In his homily, Fr Ryan told how Harry hurled recently at left half forward – proudly wearing the number 12 jersey in Gowran's County Final Win.

“You can't hurl at number 12 and not have midfield feeding you a ball, a half back line depending on you to be there for a pass, a goalie searching for you for every other puck out.

“You can't hurl at 12 and not have a manager demanding points, supporters crying for runs, and full forwards lazily expecting you to do all the work – to then deliver them the perfect pass for that simple finish.

“You can't hurl at 12 and not have the opposition half backs wonder where this run will lead, why you are turning there and what will happen with the next 50/50 ball. You can't hurl at 12 unless you're willing to give it your all,” he said.

“I think we could come up with a worse analogy for our lives than team sport. Because like being part of a team, we each have our own role to play. Each of us makes our invaluable contribution to those that we live with, journey with, learn with and play with.

“It is only when something changes – only when something shifts that we look around and we realise the contribution we were making. It is often only after they are pulled up that we notice the absence of their great contribution. How much we relied on them – how much we needed them – how great a part of our life they had been.

“And so it was with the death of Harry – when the accident happened on Monday last. Harry at that moment was with his closest friends doing what he loved  – surrounded by them, chatting with them, playing with them, hurling with them, joking with them and laughing with them, and then so suddenly and unexpected, his death on Tuesday has left us bereft,” he added.

“Harry reminds us all that a life is not defined as full by length of days, but rather by the quality of them, by the fullness of them, by the manner in which we lived them, and ultimately by the legacy he leaves. And how full Harry's life was.

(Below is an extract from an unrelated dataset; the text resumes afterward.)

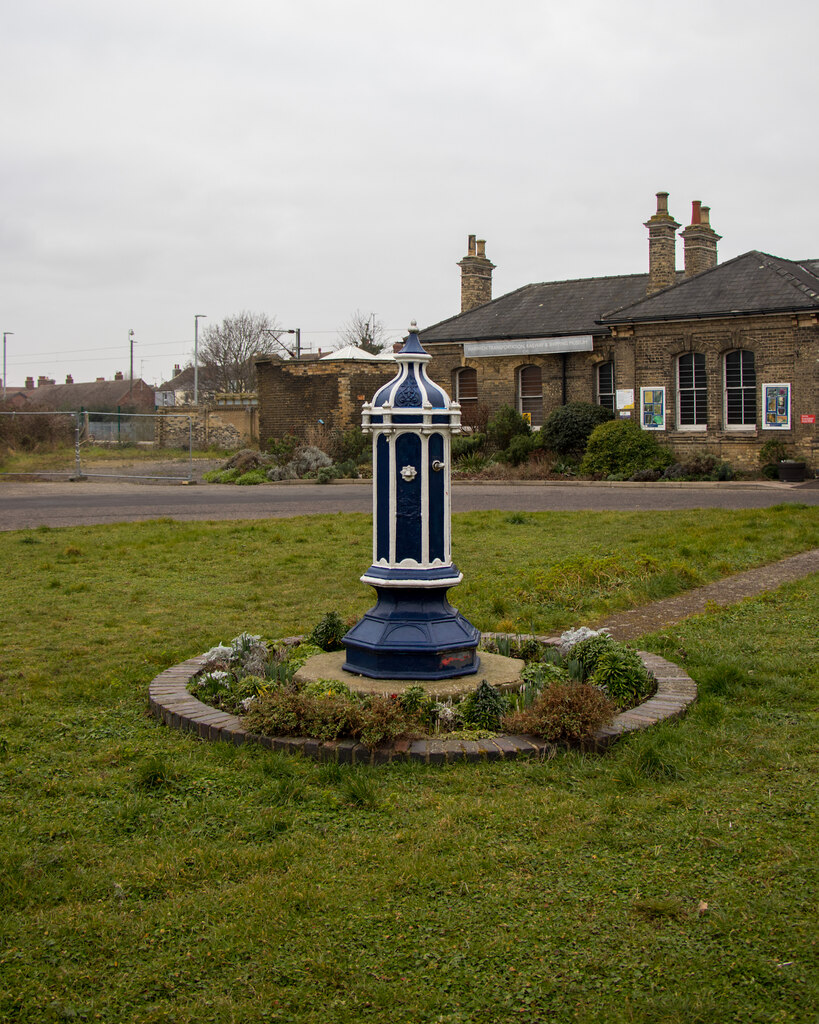 drinking-fountain-near-harwich-town-roger-jones-geograph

You needed only to look at the walls of colour that adorned his home – those happy pictures of a life well lived.

“Since his death we realise, in a sharp and clear way – the immense contribution that Harry made to our lives. The love he gave, the love he caused and the love he received,” he explained.

At the end of the mass, Harry’s aunt Michelle Byrne and uncle John Nolan, told many stories of the young boy with the sparkle in his eye and a big cheeky smile.

They painted a picture of a young lad with endless energy, joy, love, mischief, and fun, who was proud of his family, saying once that his brother Jake taught him everything he knew about hurling.

He was also showing an entrepreneurial streak even at a young age, like when he and his sister Aimee made a scarecrow called Bob, and Harry later tried to sell it on DoneDeal for €50, and even once tried to sell his brother Sam on DoneDeal too.

They also told a story of how Harry ‘rented’ a computer monitor to his aunt Sinead for €20 a month when she needed to work from Granny Teresa’s home because of Covid. Sinead had expected Covid to be over after one month, so there was laughter when Harry arrived at the door four months later to discuss the rental arrears.

Mourners were told Harry loved making friends, and when he started in St Kieran’s and found out he would be in a different class to the rest of the Gowran boys, he told his mother: “It’s great ma, We can all make more friends between us this way.”

Bishop of Kildare and Leighlin Denis Nulty read the final prayer, and after the requiem mass, Harry’s remains were carried the short distance to the adjoining cemetery where neighbours, friends, the community, schools and sports club members stood buffeted in the early winter blustery wind, unified in sadness and support for the Byrnes and their extended family.